PRESIDENT Hage Geingob last Friday handed over 243 houses at Walvis Bay built on plots serviced under the government’s mass housing programme. Another 800 houses, whose costs range between N$380 000 and N$480 000, are set to be built at the harbour town. Of these, about 220 are earmarked for Narraville and the rest for Kuisebmond residents. To date, nearly 250 have been completed, while the rest are under construction.
The land was made available by the municipality, while its servicing was financed by the government. The construction of the houses was funded by the private sector.
Geingob called this an example of the “win-win public-private partnership” which government is advocating, further hoping to see this kind of partnership introduced nationwide.
The low-cost houses were sold to first-time homeowners. The government launched the massive urban land servicing project (MULSP) in 2015 to expedite its ongoing efforts regarding servicing and delivery of residential land and affordable housing in urban areas. The initiative was kick-started in Windhoek, at Oshakati and Walvis Bay. On the flip side of the land delivery and housing coin is that while this project is taking place, hundreds of houses across the country built under the mass housing programme are still empty. Scores were also vandalised while standing vacant for a long time.
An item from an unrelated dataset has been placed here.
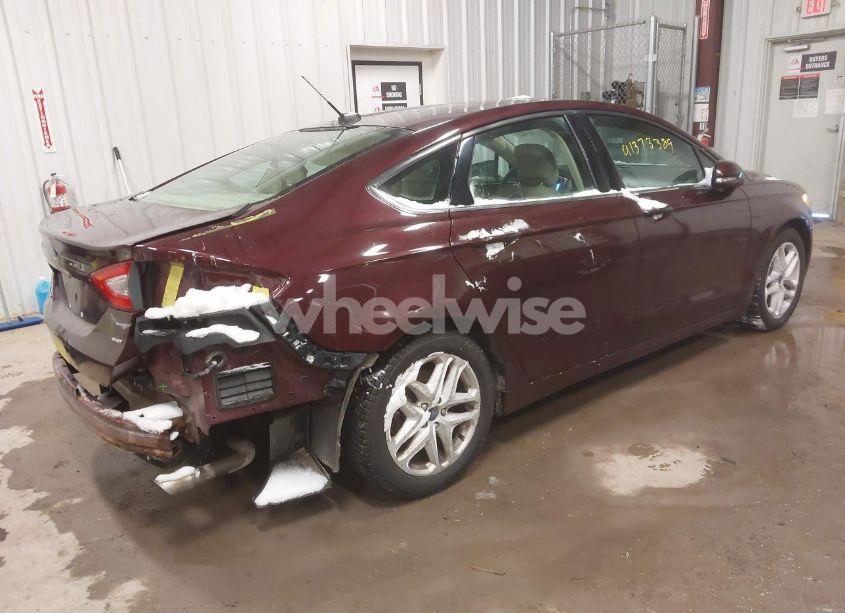 Photo 4 of 2013 Ford Fusion SE (VIN 3FA6P0H7XDR139362)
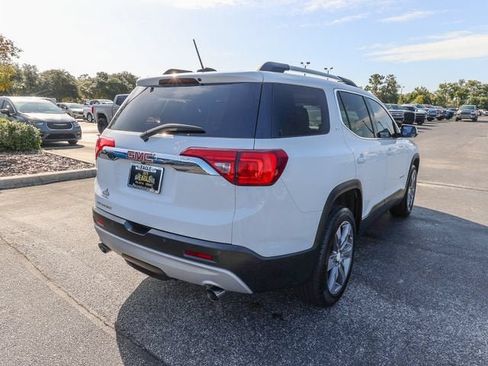 Used 2017 GMC Acadia SLT FWD image 9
The delay in ensuring that these low-cost houses are occupied, has frustrated many communities. “To avoid the pitfalls where houses are constructed, only to end up unoccupied and subject to vandalism, I am pleased to note that the municipality [of Walvis Bay] has already finalised its waiting list of applicants, and signed deeds of sale with screened and qualified applicants,” said Geingob. He urged other local authorities and agencies tasked with housing delivery to follow suit.
“As a nation, we are still confronted with the challenges of poor sanitation, and a backlog in the supply of serviced residential land as well as decent and affordable housing in both urban and rural areas. Tackling these challenges requires concerted efforts, and this is why I have endeavoured to rally Namibians, through the concept of Harambee, to join forces to confront and address national challenges, which include residential land, housing and sanitation,” the President noted.
“We must realise that these challenges are not insurmountable. We will hold hands and stay on course, knowing that although it may take some time and huge resources to address the needs of the people, through our common sense of purpose, we will continue to deliver, deliver and deliver.”
John and Bobby Tjituka and their two sons were happy to be welcomed into their new two-bedroom house by Geingob, who said it was their home from now onwards. “We have been renting till now. It’s been a long wait, but now we have our own home, and having the President unlock the door for us and welcome us in was a big blessing,” John Tjituka told this newspaper.